RECORDS PROVIDED:
*-*-*

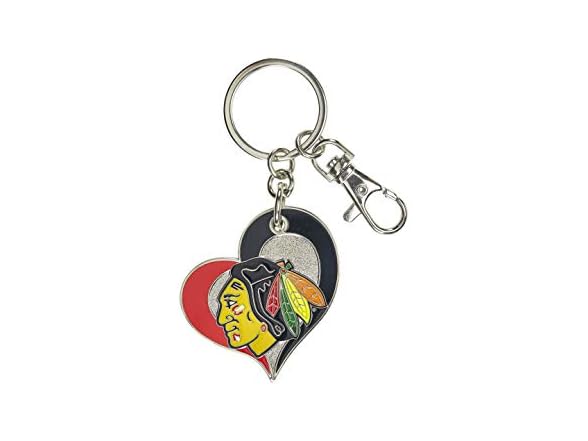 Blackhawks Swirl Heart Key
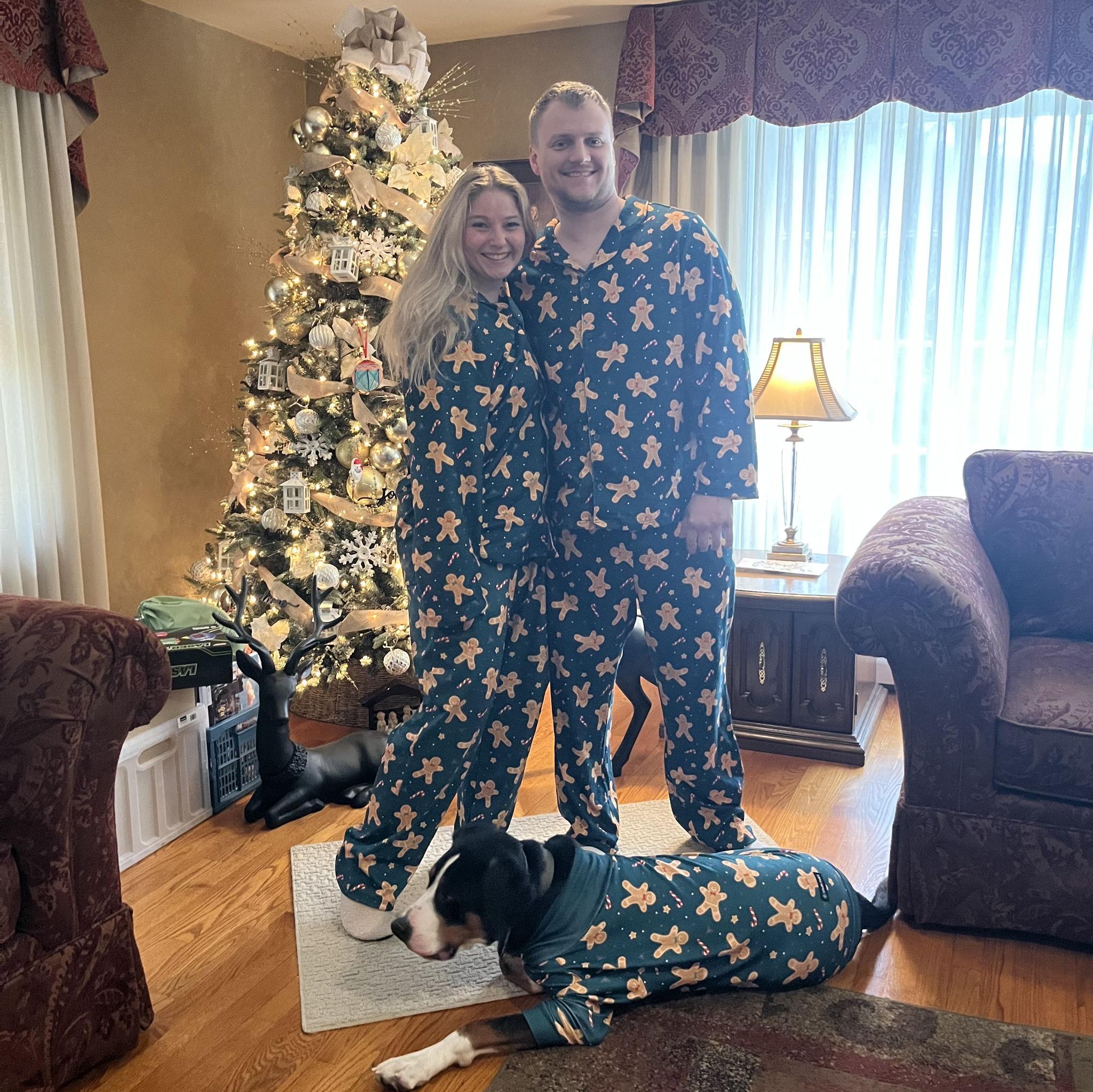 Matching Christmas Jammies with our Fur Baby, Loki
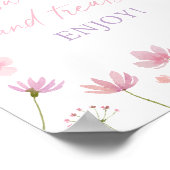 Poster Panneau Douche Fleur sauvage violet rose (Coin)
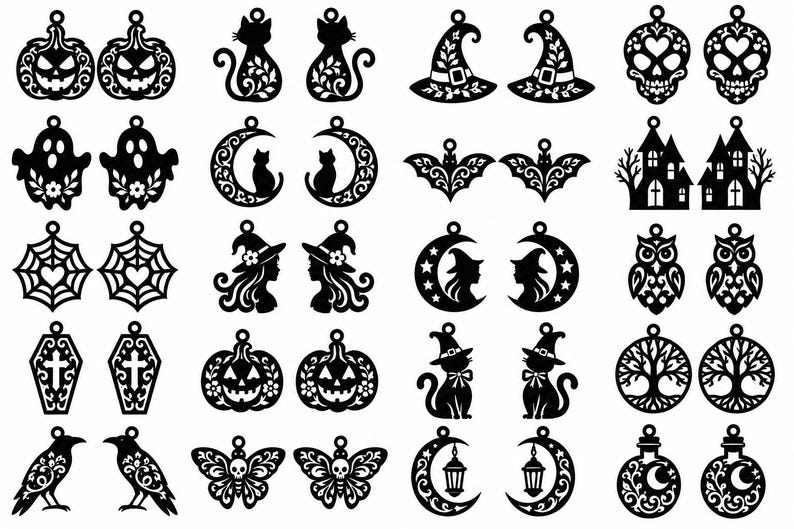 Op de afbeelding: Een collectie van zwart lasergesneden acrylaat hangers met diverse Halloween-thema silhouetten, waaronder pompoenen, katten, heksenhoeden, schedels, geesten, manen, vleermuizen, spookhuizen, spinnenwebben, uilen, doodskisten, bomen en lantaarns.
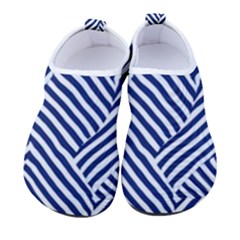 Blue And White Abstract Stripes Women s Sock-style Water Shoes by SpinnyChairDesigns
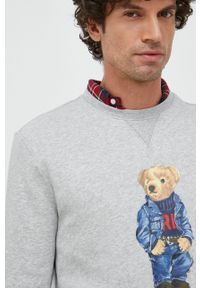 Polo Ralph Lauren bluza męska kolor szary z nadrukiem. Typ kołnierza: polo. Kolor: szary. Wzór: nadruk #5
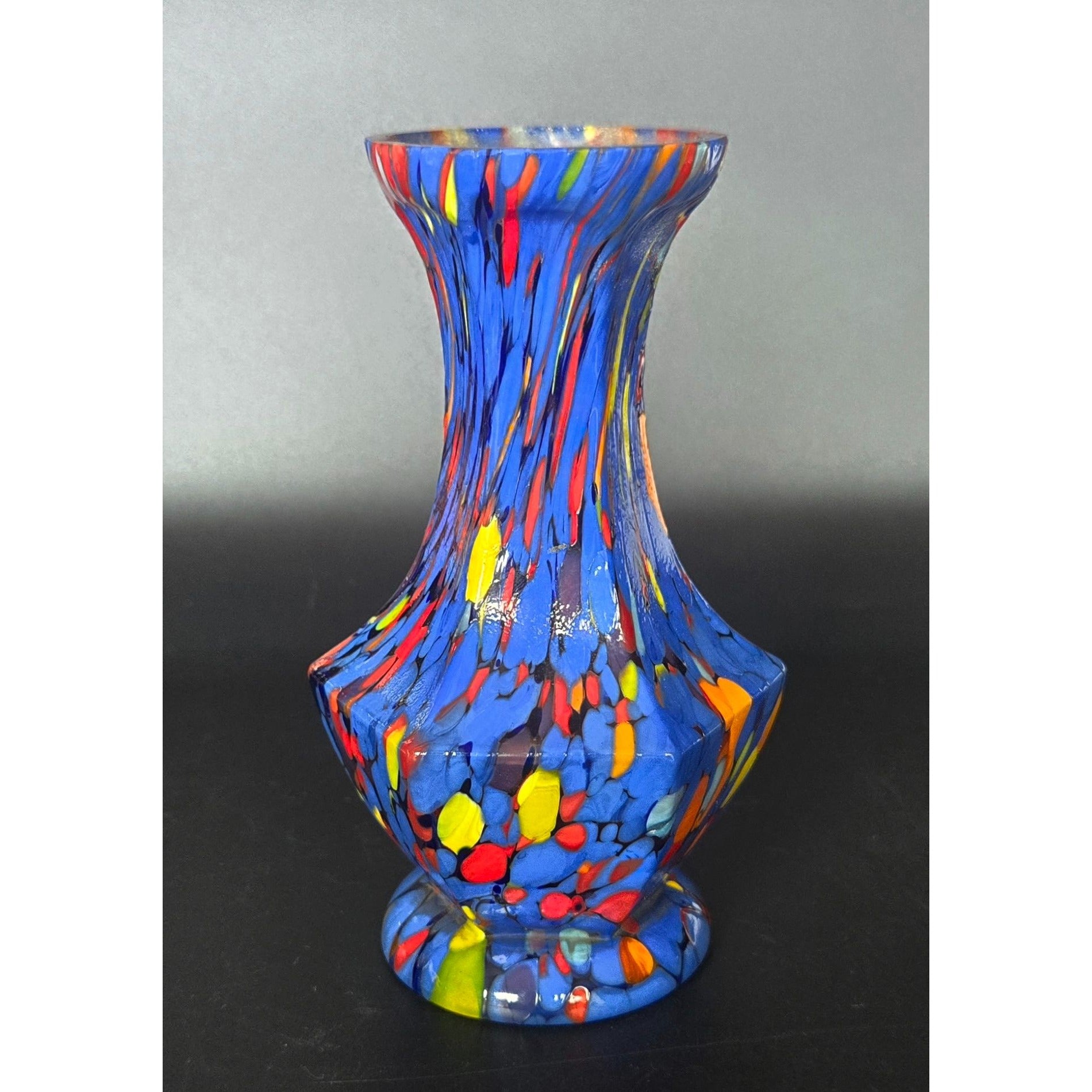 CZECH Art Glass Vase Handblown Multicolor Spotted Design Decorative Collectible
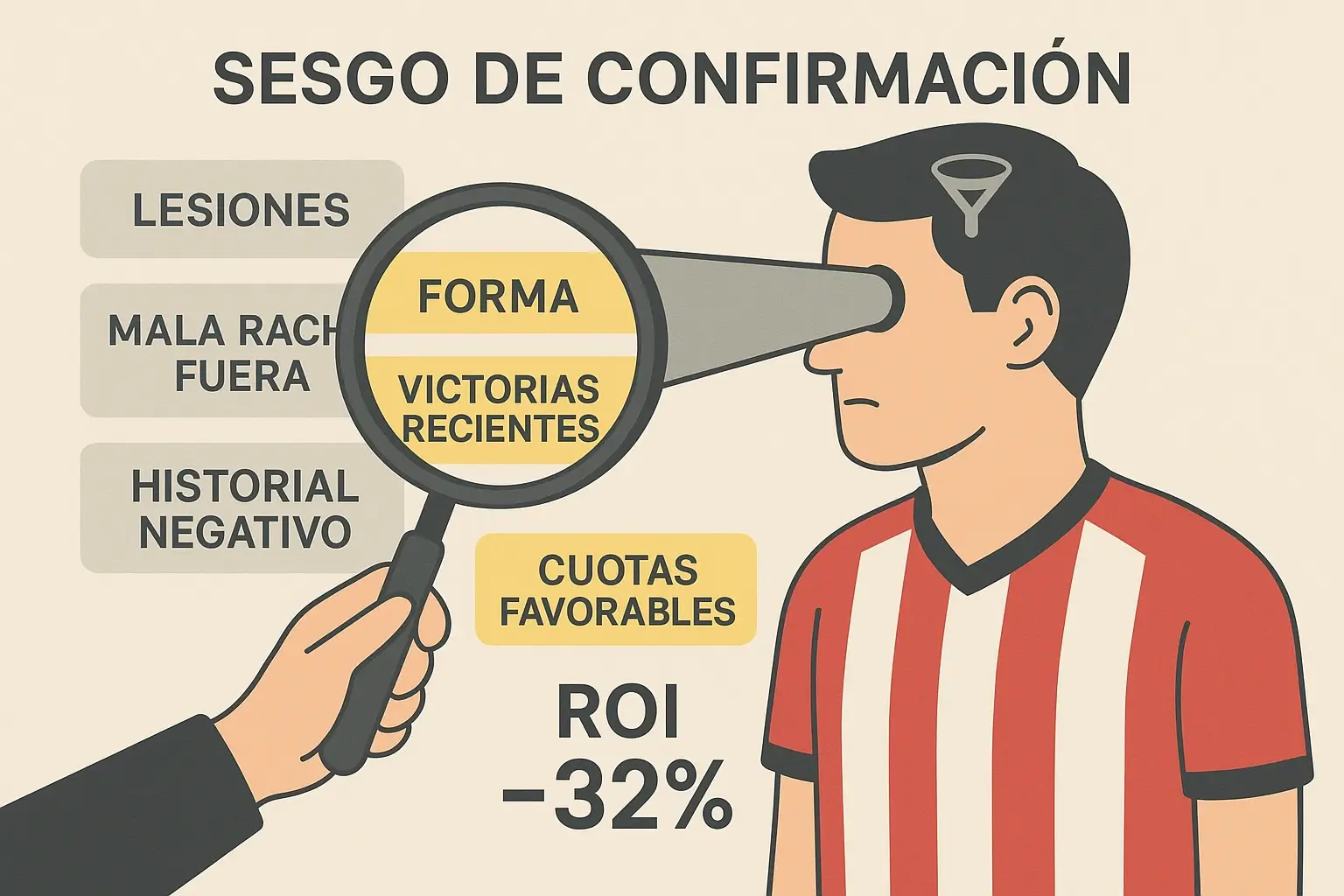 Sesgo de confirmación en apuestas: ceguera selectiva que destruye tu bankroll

*-*-*

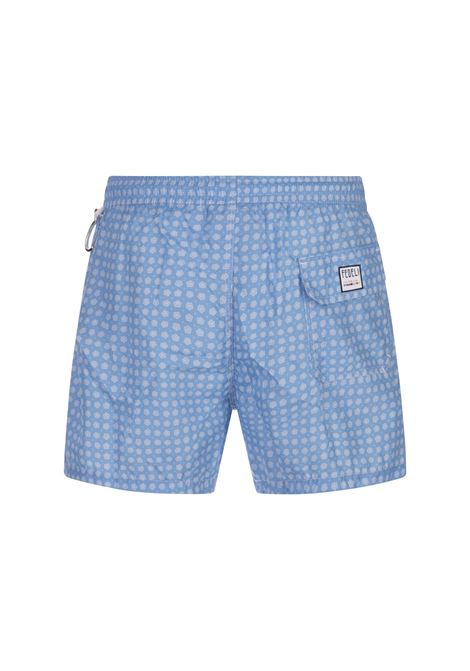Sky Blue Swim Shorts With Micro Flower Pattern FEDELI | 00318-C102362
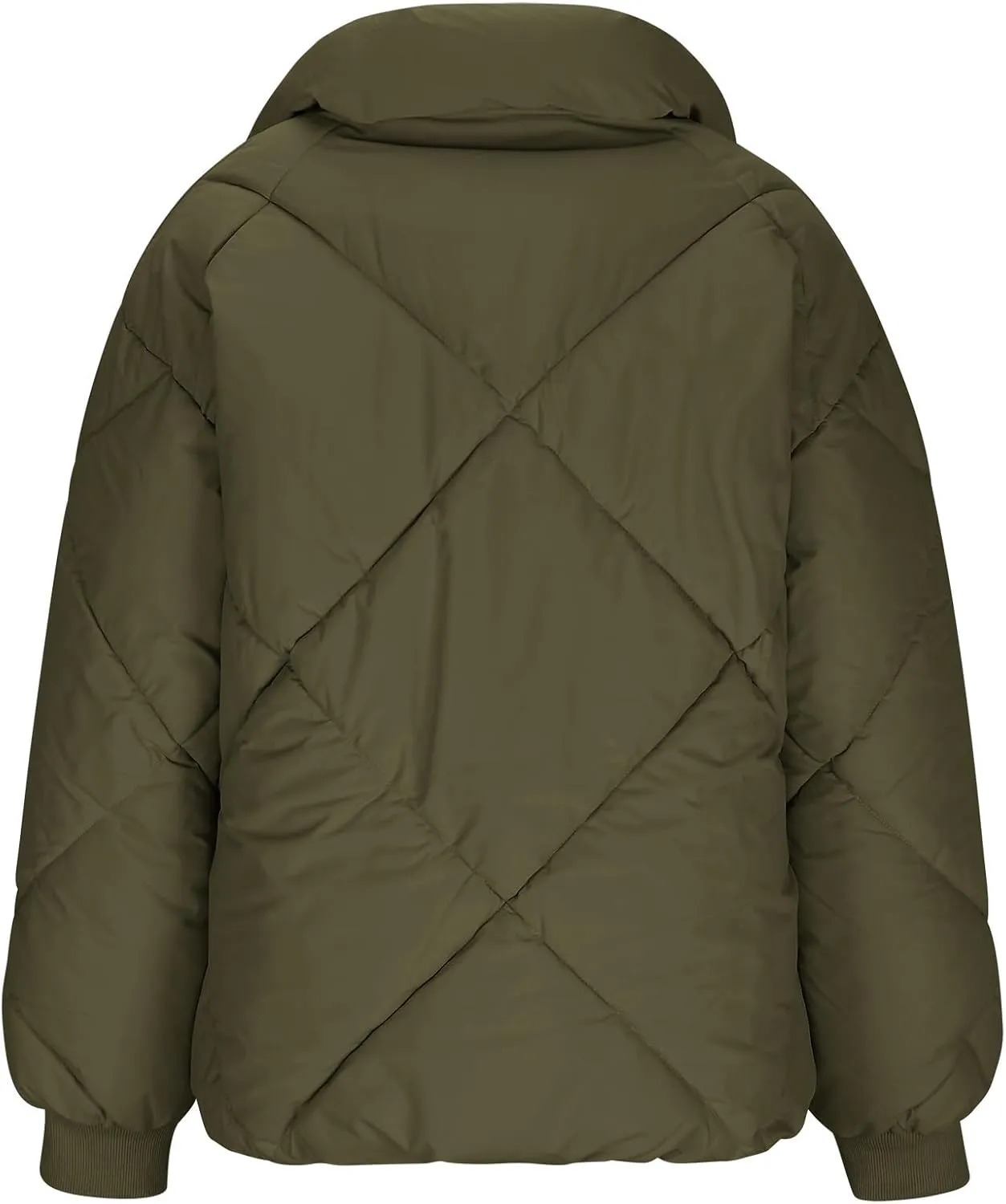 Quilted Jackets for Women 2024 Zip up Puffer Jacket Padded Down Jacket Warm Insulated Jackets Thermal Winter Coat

*-*-*

WHAT YOU HAVE TO DO:
Reproduce the entries exactly, from the line with "Blackhawks Swirl Heart Key" to the line with "Sesgo de confirmación", both lines included, keeping no pictures.

EXERCISE SOLUTION:
 Blackhawks Swirl Heart Key
 Matching Christmas Jammies with our Fur Baby, Loki
 Poster Panneau Douche Fleur sauvage violet rose (Coin)
 Op de afbeelding: Een collectie van zwart lasergesneden acrylaat hangers met diverse Halloween-thema silhouetten, waaronder pompoenen, katten, heksenhoeden, schedels, geesten, manen, vleermuizen, spookhuizen, spinnenwebben, uilen, doodskisten, bomen en lantaarns.
 Blue And White Abstract Stripes Women s Sock-style Water Shoes by SpinnyChairDesigns
 Polo Ralph Lauren bluza męska kolor szary z nadrukiem. Typ kołnierza: polo. Kolor: szary. Wzór: nadruk #5
 CZECH Art Glass Vase Handblown Multicolor Spotted Design Decorative Collectible
 Sesgo de confirmación en apuestas: ceguera selectiva que destruye tu bankroll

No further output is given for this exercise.